Preparation of Microsomes. Human liver samples were kindly provided by the Franche-Comté Hospital surgery service of Besançon University and prepared as previously described (Kremers et al., 1981). Yeast-expressed human P450 microsomes were prepared as already described (Peyronneau et al., 1992) and produced by SPI-bio (Montigny-le-Bretonneux, France). Human-expressed cytochromes Supersomes were from BD Biosciences Gentest Co. (le Pont de Claix, France).
Enzyme Quantification in the Microsomal Fractions. Protein contents in microsomal suspensions were determined using bovine serum albumin as standard (Lowry et al., 1951). P450 concentration was measured as described by Omura and Sato (1964).
Substrate Binding to Microsomal P450s by Difference-Visible Spectroscopy. Binding of substrates to cytochrome P450 was studied by difference-visible spectroscopy as described previously (Delaforge et al., 2001) using a PerkinElmer Life and Analytical Sciences (Waltham, MA) Lambda 18 spectrophotometer, equipped with a turbidity accessory, with 1 µM P450 from human liver microsomes in 0.1 M phosphate buffer (pH 7.4). Yeast microsomes were suspended in 50 mM Tris buffer (pH 7.4) to obtain a 0.2 µM P450 concentration. These buffer conditions were optimized for such yeast-expressed P450s (Peyronneau et al., 1992).

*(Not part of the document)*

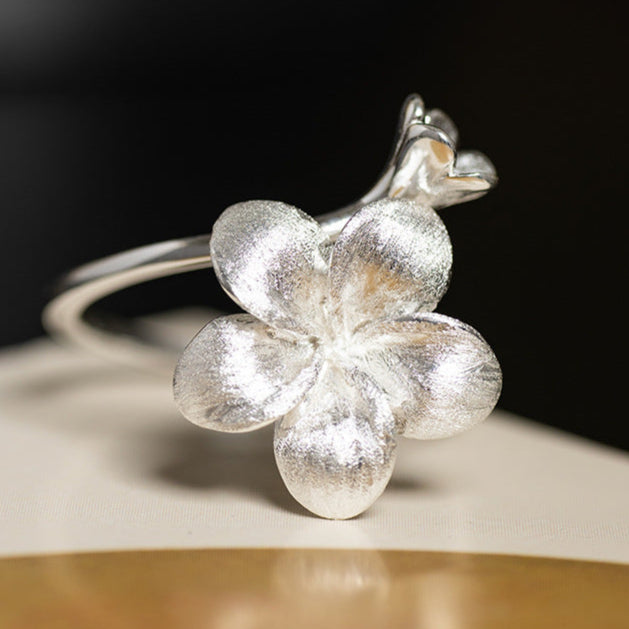 Sterling Silver Flower Ring – Botanical Nature-Inspired Jewelry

Difference spectra were obtained by addition of increasing amounts of cyclodipeptides to microsomal suspensions containing 1 µM P450 from human microsomes or 0.2 µM P450 from yeast-expressed human P450. Apparent spectral dissociation constants, Ks and Amax, were determined by double inverse representation (1/absorbance function 1/PHL concentration). Amax values and Ks values were the means of two to four measurements.
Metabolism. Microsomal incubations. Metabolism of PHL (5-200 µM) was studied at 37°C in 0.1 M phosphate buffer (pH 7.4) using 1 µM P450 human liver microsomes or 0.04 µM Supersomes CYP1A1, 1A2, 2A6, 2B6, 2C8, 2C9, 2D6, 3A4, and 3A5 using NADPH or an NADPH-generating system (1 mM NADP+, 10 mM G6P, and 2 IU G6PDH).

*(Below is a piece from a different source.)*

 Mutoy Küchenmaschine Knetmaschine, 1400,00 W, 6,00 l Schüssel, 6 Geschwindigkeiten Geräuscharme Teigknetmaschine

The incubation was stopped at the indicated times by addition of the same volume of acetonitrile. The mixture was then frozen until analysis, before which it was remixed and centrifuged at 10,000 rpm for 10 min. HPLC was performed in a linear gradient mode on a reverse-phase column (Kromasil 5C18, 250 x 4.6 mm; INTERCHIM, Montluçon, France): A, 10:90 acetonitrile/water; B, 90:10 acetonitrile/water (1 ml/min t0:100%Ato100%Bin40 min). No authentic metabolite being available, the PHL metabolite quantification was performed assuming that they had similar extinction coefficients to PHL at 230 nm. A computer running Waters (Milford, MA) Millennium software was used to integrate and calculate the separated peak areas and to plot metabolite patterns.

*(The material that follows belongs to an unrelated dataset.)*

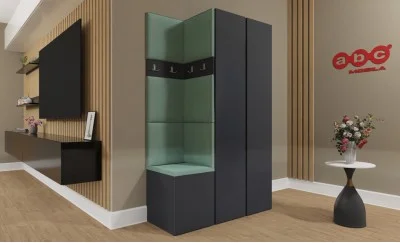 Cuier Hol Luca 4, Grafit/Verde menta - Manila 11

Enzyme inhibition measurements. The effects of PHL enantiomers were tested using human liver microsomes. Enzymatic formation of 6β-hydroxy-testosterone was measured as already described (Peyronneau et al., 1994). Similarly, 2 µM ketoconazole or 20 µM bromocriptine, furafylline, -naphthoflavone, quinidine, and sulfaphenazole were incubated in the presence of PHL enantiomers using dimethyl sulfoxide amounts not exceeding 1%.
PHL inhibitory effects (IC50, KI, Kinact) were investigated on CYP3A4 Supersomes upon addition of the presence of 100 µM testosterone or 50 µM bromocriptine after various preincubation times done in the presence of increasing amounts of PHL enantiomers (from 5 to 150 µM).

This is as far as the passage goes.